Deterministic Frozen Lake Answer the following questions for the maps Deterministic-4x4-FrozenLake-v0 and Deterministic-8x8-FrozenLake-v0.Using the environment, find the optimal policy iteration. Record the time taken for execution, then number of policy improvement steps and the total number of policy evaluation steps. Use γ = 0. Use a stopping tolerance of 10−3 for the policy evaluations.
What is the optimal policy for this map? Show as a grid of letters with “U”, “D”, “L”, “R” representing the actions up, down, left, right respectively. An example output is shown below.
Find the value function of this policy. Plot it as a color image as shown, where each square has its value as a color.
Find the optimal value function directly using the value iteration. Record the time taken for execution, and the number of iterations required. Use γ = 0.9, a stopping tolerance of 10−3.
Plot this value function as a color image, where each square shows its value as a color.
Which algorithm was faster? Which took less iterations?
Are there any differences in the value function?
Convert the optimal value function to the optimal policy. Show as a grid of letters with “U”, “D”, “L”, “R” representing the actions up, down, left, right respectively.
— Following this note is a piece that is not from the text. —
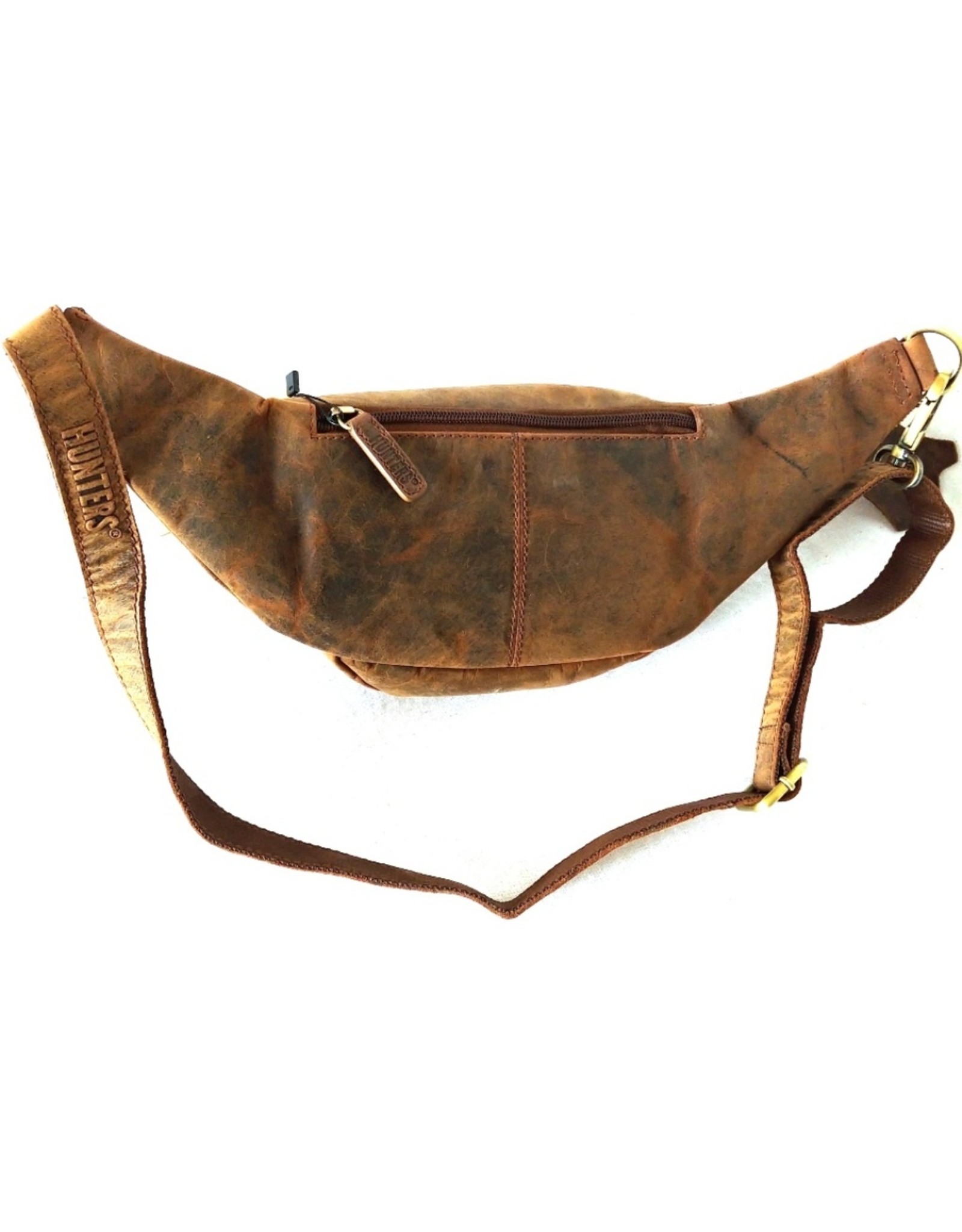 Hunters Leather bags - Hunters Leather Waist bag "Box" Brown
Write an agent that executes the optimal policy. Record the total cumulative discounted reward. Does the value match the value computed for the starting state? If not, explain why.
Figure 1: Example policy for FrozenLake-v0
Stochastic Frozen Lake Answer the following questions for the map Stochastic-8x8-FrozenLake-v0.
Using value iteration, find the optimal value function. Record the time taken for execution, then number of policy improvement steps and the total number of policy evaluation steps. Use γ = 0. Use a stopping tolerance of 10−3.
Plot the value function as a color map. Is the value function different compared to deterministic versions of the maps?
Convert this value function to the optimal policy and include it in the notebook.
Does the optimal policy differ from the optimal policy in the deterministic maps? If so, pick a state where the policy differs and explain why the action is different.
Write an agent that executes the optimal policy. Run this agent 100 times on the map and record the total cumulative discounted reward. Average the results. Does this value match the value computed for the starting state? If not, explain why.
Figure 2: Example of value function color plot. Make sure you include the color bar or some kind of key.